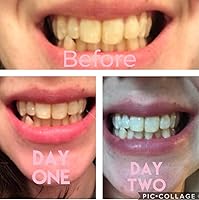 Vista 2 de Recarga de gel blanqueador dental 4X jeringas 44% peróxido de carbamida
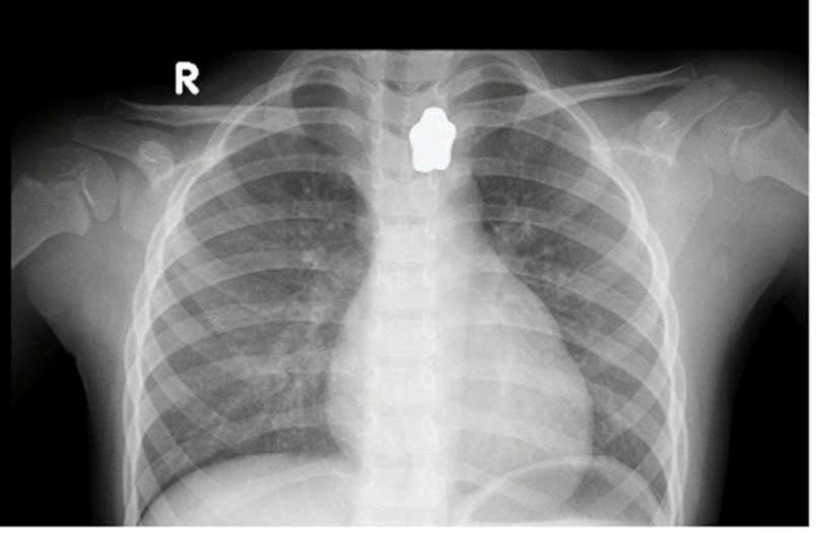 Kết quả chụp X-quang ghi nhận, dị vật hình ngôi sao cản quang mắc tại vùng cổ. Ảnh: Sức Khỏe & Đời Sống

--

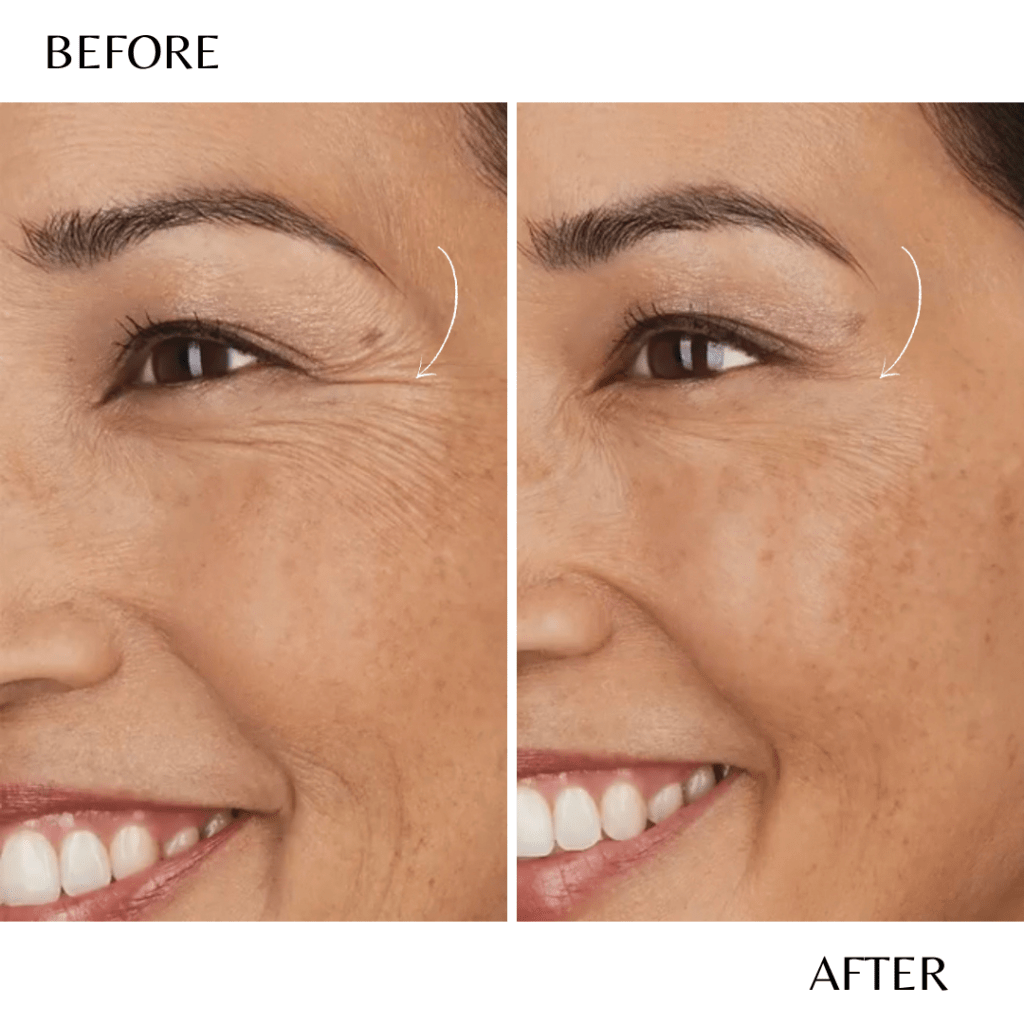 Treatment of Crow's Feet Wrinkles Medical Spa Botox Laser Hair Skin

...

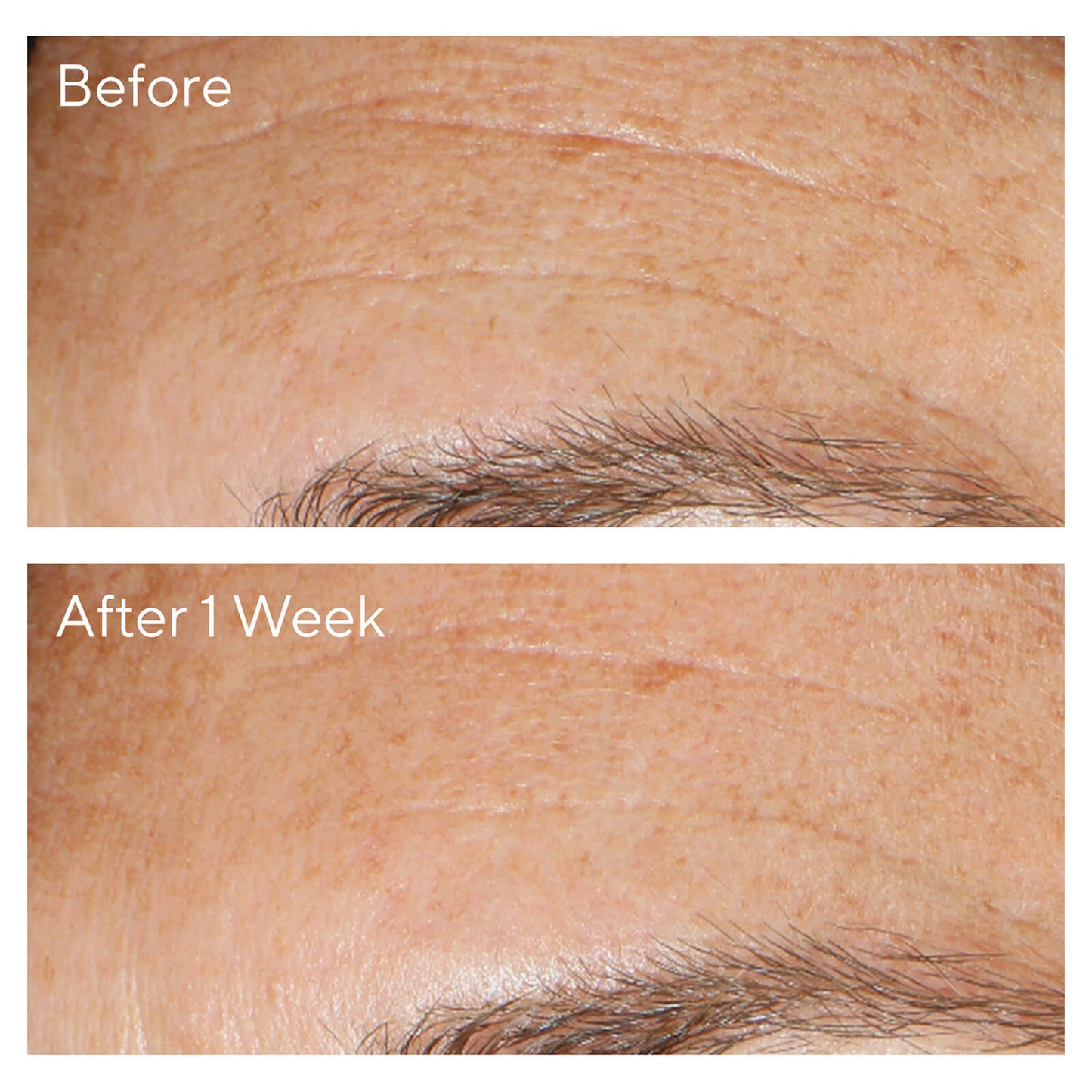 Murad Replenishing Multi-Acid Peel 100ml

§ Your goal:
Output exactly the stretch of the listing that begins at the line containing "Vista 2 de Recarga" and ends at the line containing "Kết quả chụp", both kept. Omit pictures and everything else.

§ Problem solution:
 Vista 2 de Recarga de gel blanqueador dental 4X jeringas 44% peróxido de carbamida
 Kết quả chụp X-quang ghi nhận, dị vật hình ngôi sao cản quang mắc tại vùng cổ. Ảnh: Sức Khỏe & Đời Sống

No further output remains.